Partijen zoals genoemd in de artikelen 1.31 tot en met 1.34 worden hierna gezamenlijk aangeduid als “de waterschappen”.
Partijen zoals vermeld in artikelen 1.1 tot en met 1.34 worden hierna gezamenlijk aangeduid als “partijen”.
2. CONSIDERANS: partijen overwegen als volgt: Doel en belangen:
a. Partijen beogen met deze overeenkomst en hierop eventueel nader te sluiten overeenkomsten en/of aanvullingen en/of wijzigingen ervan een doelmatige, uniforme en gecoördineerde uitvoering van het nieuwe omgevingsrecht te bevorderen, zoals dat onder meer is neergelegd in de Wabo, Besluit omgevingsrecht (Bor), Ministeriële regeling omgevingsrecht (Mor), aanverwante wettelijke regelingen, richtlijnen en beleidsregels.
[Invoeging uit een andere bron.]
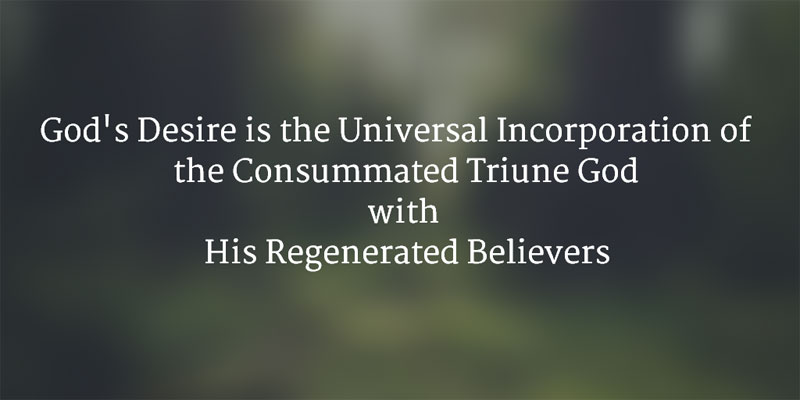 God's Desire is the Universal Incorporation of the Consummated Triune God with His Regenerated Believers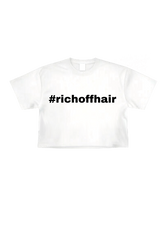 Rich Off Hair Crop Top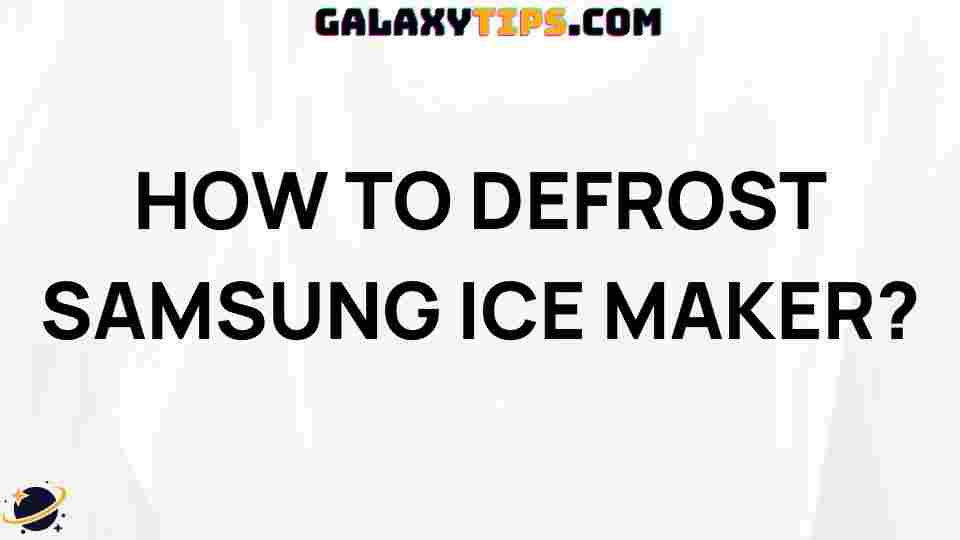 samsung-ice-maker-defrost-guide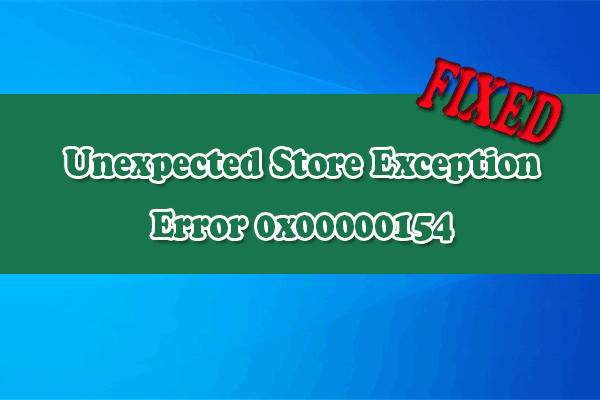 How to Fix Unexpected Store Exception Error 0x00000154?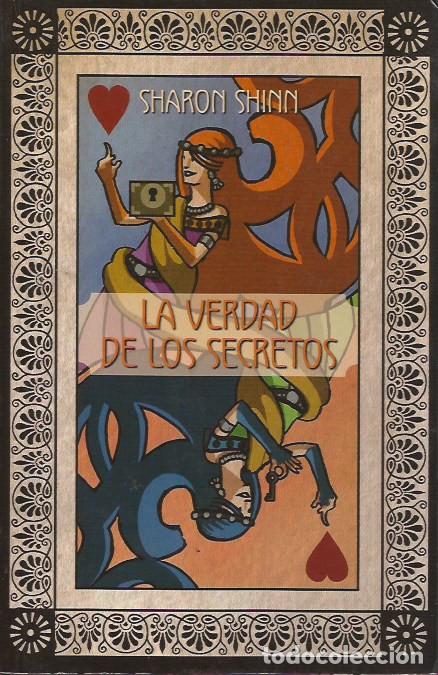 Libros de segunda mano: NOVELA LA VERDAD DE LOS SECRETOS SHARON SHINN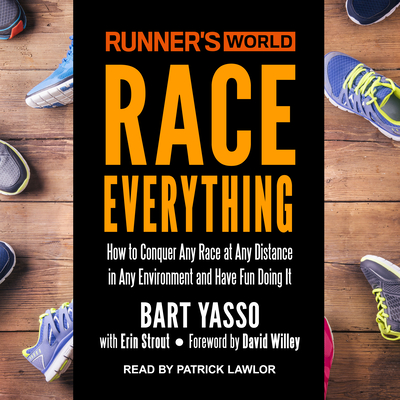 Runner's World Race Everything: How to Conquer Any Race at Any Distance in Any Environment and Have Fun Doing It Cover Image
b. Zij zullen in de daarvoor in aanmerking komende gevallen samenwerken en hun gemeenschappelijke belangen regelen. Die belangen spelen bij de omgevingsrechtelijke besluitvorming. Daarbij kan onder meer worden gedacht aan:
- het verbeteren van de dienstverlening aan burgers en bedrijven;
- het gebruikmaken van elkaars expertise;
- het borgen van een goede afstemming van informatieverstrekking en het ontwikkelen van informatie- en voorlichtingsmateriaal;
- een goed georganiseerd overheidsloket (frontoffice), dat laagdrempelig en goed bereikbaar is voor burgers en bedrijven;
- een goed georganiseerde samenwerking achter dat overheidsloket (backoffice);
- het opstellen, verbeteren en het voortdurend onderling afstemmen van werkprocessen op het gebied van omgevingsvergunningverlening;
- duidelijke, eenduidige en deugdelijk gemotiveerde Wabo-besluiten – zo mogelijk op basis van “formats” en adviezen, van zodanige kwaliteit dat zij naar verwachting de rechterlijke toets zullen doorstaan;
- het voorkomen van termijnoverschrijdingen;
- onderling stimuleren van goed (voor)overleg bij toezicht, handhaving en vergunningverlening;
- het opstellen, verbeteren en voortdurend onderling afstemmen van werkprocessen op het gebied van toezicht;
- het opstellen, verbeteren en voortdurend onderling afstemmen van werkprocessen op het gebied van handhaving;
- elkaar actief steunen in rechtsbeschermingstrajecten;
- het regelen en onderling afstemmen van aansprakelijkheidsrisico’s, o.a. met de ter zake betrokken verzekeraars;
- de monitoring en het houden van evaluaties in verband met de uitvoering van deze overeenkomst;
- het treffen van een regeling inzake overdracht van vergunningsdossiers en handhavingsdossiers en afspraken over reeds lopende zaken;
- zoveel mogelijk verzekeren van een correcte nakoming van deze overeenkomst;
- het aangaan van een inspanningsverplichting om inzichtsverschillen, knelpunten en andere problemen in goed onderling overleg op te lossen, met een geschillenregeling voor het geval partijen daarin uiteindelijk niet zullen slagen;
- het voortdurend gezamenlijk ontwikkelen, verbeteren en onderling afstemmen van de benodigde Informatie- en communicatietechnologie (ICT).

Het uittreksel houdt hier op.